A new Nuclear Magnetic Resonance (NMR) instrument is now installed and in early commissioning stages at the JRC-ITU. This unique facility will focus on determining the chemical and magnetic properties of radioactive solid-state samples and will contribute to ITU's research on actinides.
The minimisation of the long-term radiotoxicity of high level nuclear waste is a high priority in advanced nuclear fuel cycle concepts for the new generation of nuclear power reactors. Separation from spent fuel and the subsequent recycling of Plutonium and Uranium as fuels, and the transmutation of minor actinides in fast reactors are deemed necessary steps in achieving this goal. The JRC-ITU is involved in a joint project with the Central Research Institute of Electric Power Industry (CRIEPI, Japan) devoted to the study of minor actinides-containing fast reactor metal fuels. The new NMR instrument will greatly aid researchers in their analysis of this fuel at different stages of the nuclear fuel cycle.
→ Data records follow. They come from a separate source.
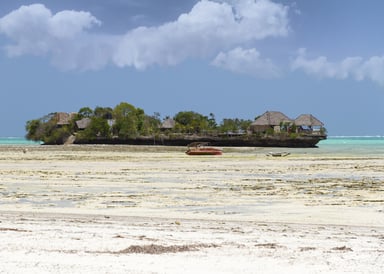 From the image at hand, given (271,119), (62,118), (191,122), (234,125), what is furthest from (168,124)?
(271,119)

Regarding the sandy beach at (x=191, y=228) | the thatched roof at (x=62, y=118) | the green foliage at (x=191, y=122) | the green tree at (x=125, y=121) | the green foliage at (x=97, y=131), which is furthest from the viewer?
the thatched roof at (x=62, y=118)

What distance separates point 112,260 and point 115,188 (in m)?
13.1

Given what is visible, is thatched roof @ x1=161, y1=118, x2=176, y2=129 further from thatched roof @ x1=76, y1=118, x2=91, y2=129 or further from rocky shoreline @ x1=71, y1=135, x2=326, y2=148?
rocky shoreline @ x1=71, y1=135, x2=326, y2=148

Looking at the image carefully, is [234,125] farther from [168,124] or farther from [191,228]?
[191,228]

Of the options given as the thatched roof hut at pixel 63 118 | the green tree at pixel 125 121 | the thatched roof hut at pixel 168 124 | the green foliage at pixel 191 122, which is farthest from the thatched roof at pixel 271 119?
the thatched roof hut at pixel 63 118

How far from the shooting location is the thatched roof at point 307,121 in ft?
378

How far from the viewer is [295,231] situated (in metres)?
11.2

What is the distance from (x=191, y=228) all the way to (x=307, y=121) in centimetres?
10687

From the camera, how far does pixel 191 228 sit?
11.6 meters

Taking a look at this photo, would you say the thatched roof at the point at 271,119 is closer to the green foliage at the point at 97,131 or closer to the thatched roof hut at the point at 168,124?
the thatched roof hut at the point at 168,124

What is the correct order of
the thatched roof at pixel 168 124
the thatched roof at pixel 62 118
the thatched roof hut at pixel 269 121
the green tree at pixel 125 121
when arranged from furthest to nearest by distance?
the thatched roof at pixel 168 124, the thatched roof at pixel 62 118, the thatched roof hut at pixel 269 121, the green tree at pixel 125 121

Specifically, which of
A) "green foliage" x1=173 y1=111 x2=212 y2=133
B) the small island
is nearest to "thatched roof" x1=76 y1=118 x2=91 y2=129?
the small island

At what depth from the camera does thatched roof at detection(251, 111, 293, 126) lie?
382 ft

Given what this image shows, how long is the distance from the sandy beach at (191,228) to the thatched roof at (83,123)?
316 feet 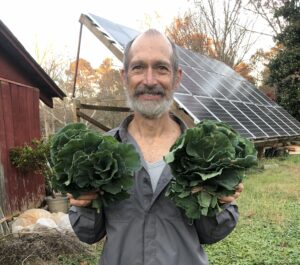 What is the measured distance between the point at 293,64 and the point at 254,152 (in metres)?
21.2

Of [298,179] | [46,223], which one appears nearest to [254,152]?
[46,223]

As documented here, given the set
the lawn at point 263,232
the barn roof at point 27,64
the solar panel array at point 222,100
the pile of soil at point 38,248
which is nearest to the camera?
the pile of soil at point 38,248

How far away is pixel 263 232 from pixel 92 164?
5.07m

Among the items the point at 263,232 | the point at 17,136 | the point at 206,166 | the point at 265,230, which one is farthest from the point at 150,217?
the point at 17,136

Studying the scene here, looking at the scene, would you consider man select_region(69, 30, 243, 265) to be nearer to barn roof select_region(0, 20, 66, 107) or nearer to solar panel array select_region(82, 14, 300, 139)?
barn roof select_region(0, 20, 66, 107)

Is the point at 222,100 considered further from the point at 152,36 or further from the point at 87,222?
the point at 87,222

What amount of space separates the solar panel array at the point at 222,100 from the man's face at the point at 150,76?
7.33m

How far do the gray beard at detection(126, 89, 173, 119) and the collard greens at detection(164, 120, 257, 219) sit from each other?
0.40 m

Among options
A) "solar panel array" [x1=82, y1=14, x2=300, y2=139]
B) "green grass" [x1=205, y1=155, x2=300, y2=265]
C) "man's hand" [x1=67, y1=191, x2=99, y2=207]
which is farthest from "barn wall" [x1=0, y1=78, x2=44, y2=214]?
"man's hand" [x1=67, y1=191, x2=99, y2=207]

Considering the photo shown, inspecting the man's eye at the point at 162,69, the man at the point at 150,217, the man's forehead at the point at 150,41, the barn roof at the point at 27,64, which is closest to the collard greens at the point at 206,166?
the man at the point at 150,217

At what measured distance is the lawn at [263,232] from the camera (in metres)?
5.18

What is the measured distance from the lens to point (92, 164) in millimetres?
1757

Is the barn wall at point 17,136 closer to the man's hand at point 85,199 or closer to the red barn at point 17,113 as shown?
the red barn at point 17,113

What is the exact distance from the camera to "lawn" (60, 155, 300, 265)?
17.0 ft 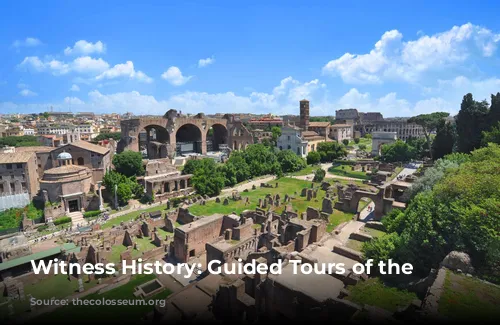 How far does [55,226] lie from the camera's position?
2917cm

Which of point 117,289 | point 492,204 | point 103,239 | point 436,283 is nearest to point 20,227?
point 103,239

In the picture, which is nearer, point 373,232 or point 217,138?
point 373,232

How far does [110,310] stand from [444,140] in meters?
51.2

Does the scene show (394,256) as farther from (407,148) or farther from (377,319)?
(407,148)

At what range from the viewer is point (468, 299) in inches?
389

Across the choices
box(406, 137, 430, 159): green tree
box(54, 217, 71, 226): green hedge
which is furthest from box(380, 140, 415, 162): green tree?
box(54, 217, 71, 226): green hedge

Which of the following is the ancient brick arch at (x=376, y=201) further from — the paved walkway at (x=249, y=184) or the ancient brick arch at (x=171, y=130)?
the ancient brick arch at (x=171, y=130)

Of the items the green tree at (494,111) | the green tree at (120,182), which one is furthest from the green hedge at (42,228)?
the green tree at (494,111)

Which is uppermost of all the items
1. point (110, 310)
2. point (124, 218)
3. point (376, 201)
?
point (376, 201)

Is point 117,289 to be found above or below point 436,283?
below

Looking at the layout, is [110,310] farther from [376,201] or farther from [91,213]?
[376,201]

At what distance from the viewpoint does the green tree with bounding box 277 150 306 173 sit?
51938mm

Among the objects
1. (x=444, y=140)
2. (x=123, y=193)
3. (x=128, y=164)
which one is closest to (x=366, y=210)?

The NMR instrument is unique among its kind worldwide as its magnet is suspended about 2 metres off the ground, with a glove box underneath. A tube from the glove box extends up through the bore of the magnet. This integrated glove box structure better allows for the use of powders as it eliminates the fear that nuclear material will escape and contaminate the instrument and its surroundings. Magic-angle-spinning experiments can be carried out thanks to this set-up, in which solid samples are spun at a frequency of up to 70 kHz to give high resolution spectra of powders.
Nuclear magnetic resonance is a phenomenon which occurs when magnetic nuclei that are immersed in a static magnetic field are exposed to an electromagnetic pulse. The nuclei absorb energy from the electromagnetic pulse and radiate this energy back out at specific resonant frequencies. The resonant frequencies of nuclei with spin can be found using NMR spectroscopy, via NMR instruments. Determining these frequencies provides detailed information the chemical species and dynamics of a system.